Reg Groves was a young member of the Independent Labour Party (ILP) when he first heard the name Victor Grayson mentioned. Older members of Groves’ ILP branch spoke of Grayson as a great orator, a maverick and a lost hero. At that time, in 1924, it was taken for granted that Grayson was alive and well but retired from public life.
Throughout the years of the Second World War Groves investigated Grayson’s life and fate. He visited Huddersfield and the Colne Valley and under German bombs scoured the streets and apartments of London that Grayson was known to have earlier frequented. So thorough was his search becoming that Groves was pulled in by Scotland Yard for their 1942 investigation which they then spent decades denying had ever taken place.

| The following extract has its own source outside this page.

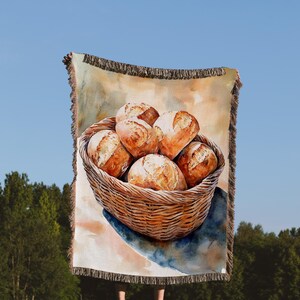 May include: A woven tapestry throw blanket with a watercolor painting of a wicker basket filled with freshly baked bread rolls.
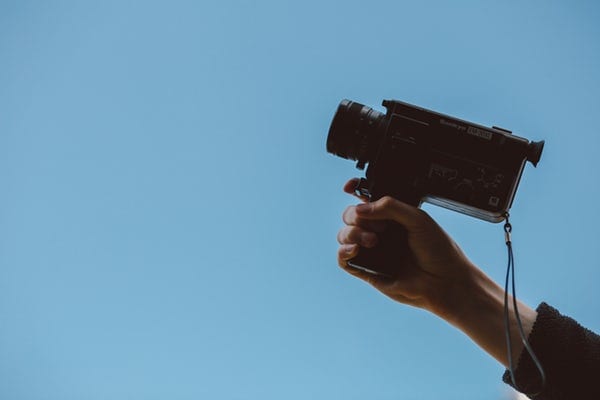 hand-holding-camcorder-against-light-blue-background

In 1946 Groves was able to have his book published as The Mystery of Victor Grayson which, though unadvertised and poorly produced, sold its entire print run of 10,000 copies in twelve weeks. It was never republished, probably owing to restrictions in those immediate postwar years in Britain.

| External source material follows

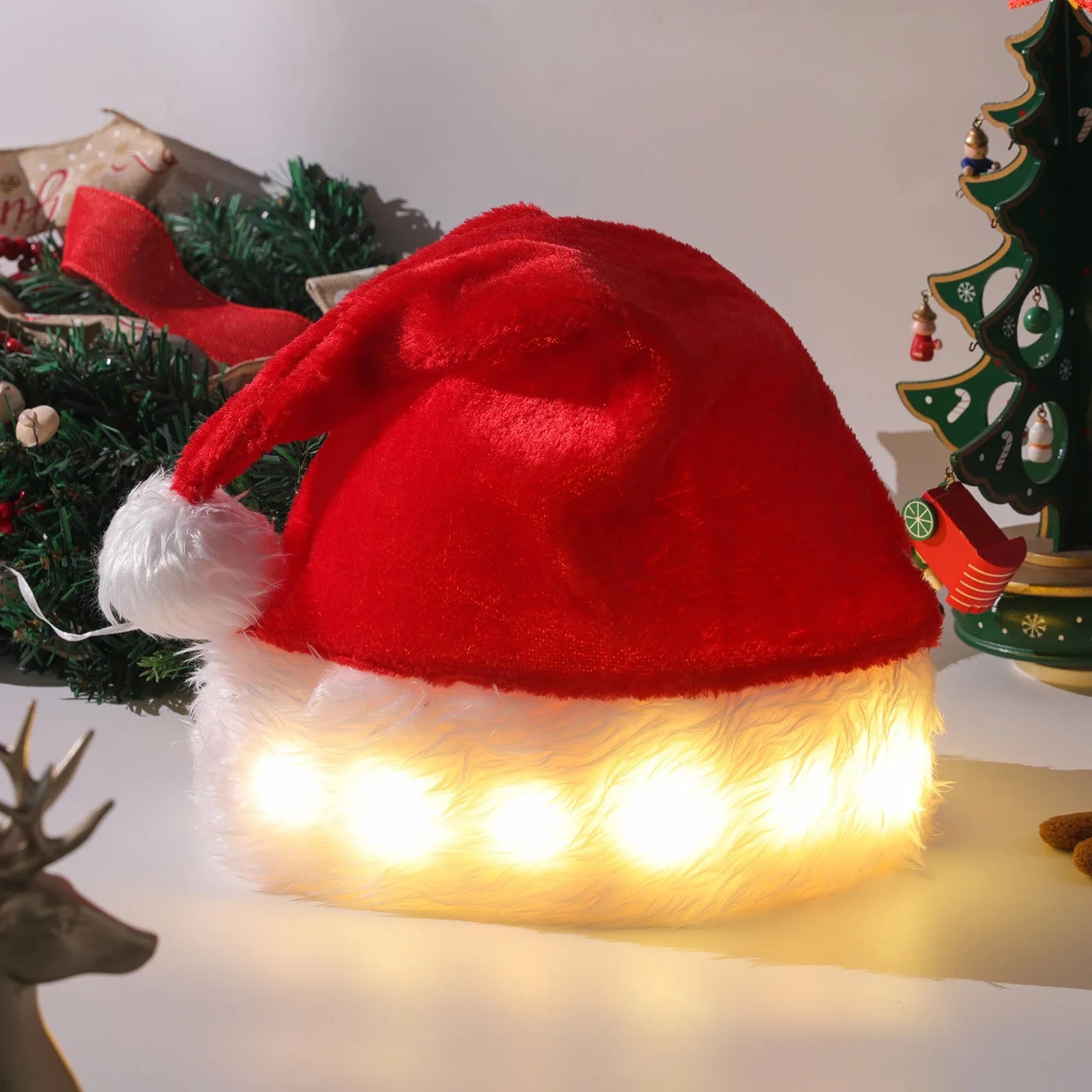Red and white LED light up Santa hat with colour changing lights and a white pom-pom.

The Mystery collected first-hand accounts of Grayson’s life and speculated on his fate with the real possibility that he was still alive. After-all, Grayson was just three years older than Clement Attlee who had just the previous year been swept to power so it wasn’t out of the question. The book’s real legacy however was to kick-start more searches and memory-racking. The surviving documentary evidence was slim. Grayson had destroyed the majority of his papers prior to 1918 and his surviving family appeared to be less than forthcoming in Groves’ quest for answers. But Groves received a number of detailed letters from people with leads and others offering professional help to hunt the illusive former MP.
A significant amount of this information did not make its way into Groves’ second book on Grayson, The Strange Case of Victor Grayson published by Pluto Press in 1975. It was much updated from his previous work but lacked any real sense of new and grounbreaking research. Instead it contained a line of attack on established Labour leaders which made it seem more a means of settling a personal grudge (Groves was a Trotskyist with a loathing for Labour’s Parliamentary record). It seems in retrospect like a lost opportunity to collect the stories of the few survivors who remembered Grayson and to fill significant gaps in his story.
However, a search through Reg Groves’ personal papers held at the University of Warwick show that he had made a serious attempt to solve the mystery once and for all. Together with London solicitor Reginald de Mornay Davies in the early 1950s he scoured records in Britain and Ireland looking for a death, burial or immigration records. By this time they expected Grayson to be dead due to him suffering from chirosis of the liver many years previous. Yet, a thorough search to March 1953 revealed no death or burial record for Albert Victor Grayson. The pair concluded that the most likely explanation was that Grayson either died abroad or changed his name.
The odd thing about this investigation was that though Groves was very public about his mission in the 1940s this time around he kept his search secret. De Mornay Davies wrote to Groves, “Yes, great care must be taken to keep our enquiries as secret as possible as one small slip and the whole of our mutual exertions will be completely ruined.” It was also clear that Groves was blocked by making any contact with Grayson’s surviving daughter Elaine for whom his sister Augusta would not pass Groves the address. Augusta had previously threatened Groves with legal action over his portrayal of Grayson whilst also claiming to be in the process of writing a biography of her lost brother herself. Her book never appeared and apart from a nine page potted biography nothing exists in the archives resembling one. Grayson’s daughter Elaine also told the press in the 1970s that she was writing a biography of her father but again nothing materialised.
Groves didn’t mention his investigation in his later book, nor make reference to the many obstacles that had been put in his way. If he had he may have received some better press at the time and a kinder treatment from historians.
Credible sightings of Grayson came to abrupt end during the Second World War and it is striking that his daughter Elaine, Sidney Campion (who worked for and had contacts in the wartime government) and seemingly Grayson’s mother-in-law believed him to have died in 1941, most likely in an air raid on the capital.